Recorded information →
________________________________________
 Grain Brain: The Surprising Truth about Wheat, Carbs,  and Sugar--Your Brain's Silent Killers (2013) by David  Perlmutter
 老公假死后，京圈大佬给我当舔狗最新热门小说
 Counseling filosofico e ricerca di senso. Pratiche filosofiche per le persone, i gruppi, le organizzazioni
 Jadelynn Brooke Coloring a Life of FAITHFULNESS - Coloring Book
________________________________________
What to do → Please restate, exactly as written, the line that holds "Counseling filosofico e" and all remaining lines of the data above, and only those.

Response to the task →
 Counseling filosofico e ricerca di senso. Pratiche filosofiche per le persone, i gruppi, le organizzazioni
 Jadelynn Brooke Coloring a Life of FAITHFULNESS - Coloring Book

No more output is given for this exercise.